On Tue, 22 Sep 2009 17:56:46 -0400, Jarrett Billingsley  
<jarrett.billingsley at gmail.com> wrote:

> On Tue, Sep 22, 2009 at 4:13 PM, Steven Schveighoffer
> <schveiguy at yahoo.com> wrote:
>>> Dynamic downcasts do usually indicate a weakness in the design. But an
>>> even more fundamental matter of style is to not repeat yourself. You
>>> don't use "x + y" if you need the sum of x and y in ten places; you do
>>> "sum = x + y" and then use "sum." The same applies here. You're not
>>> just working around a deficiency in the compiler, you're saving
>>> yourself work later if you need to change all those values, and you're
>>> giving it some kind of semantic attachment by putting it in a named
>>> location.
>>
>> What if x and y are possibly changing in between calls to x + y?
>>
>> I'm thinking of a situation where o *might* be changing, but also might  
>> not,
>> the compiler could do some optimization to avoid the dynamic-cast calls  
>> in
>> the cases where it doesn't change.  These would be hard to code  
>> manually.
>>  My understanding of pure function benefits (and it's not that great) is
>> that you can express yourself how you want and the compiler fixes your  
>> code
>> to be more optimized knowing it can avoid calls.
>
> Realistically, how often is this going to come up?
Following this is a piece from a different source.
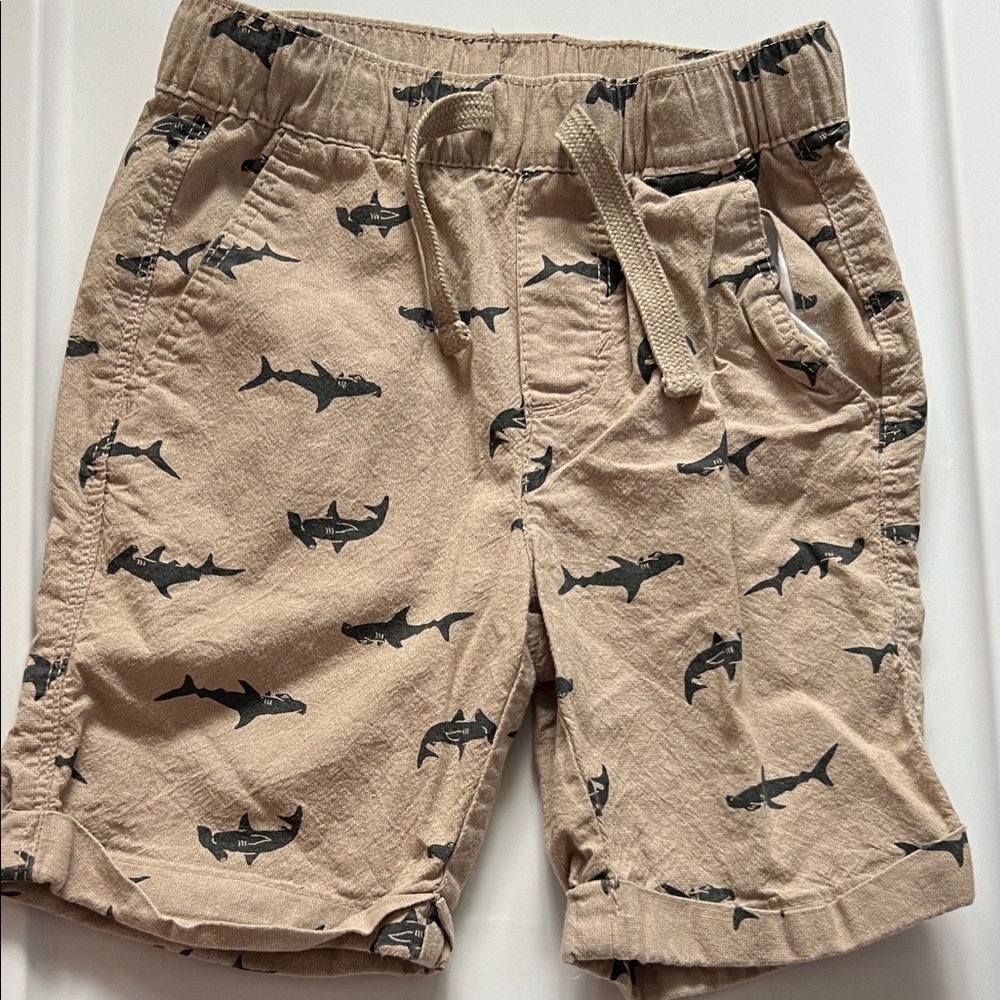 Old Navy Tan Shark Print Kids Shorts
Why the hell are we
> looking at what amounts to CSEE on a rarely-used construct when there
> are far more important performance issues? I understand wanting to
> solve this problem for pedagogical reasons, but practically, I don't
> see the benefit.

Why have pure functions at all?  Seriously, all pure function reorderings  
and reuse can be rewritten by human optimization.  If we aren't going to  
look for places that pure functions can help optimize, why add them to the  
language, it seems more trouble than its worth?

If all it takes to optimize dynamic casts is to put pure on the function  
signature, have we wasted that much time?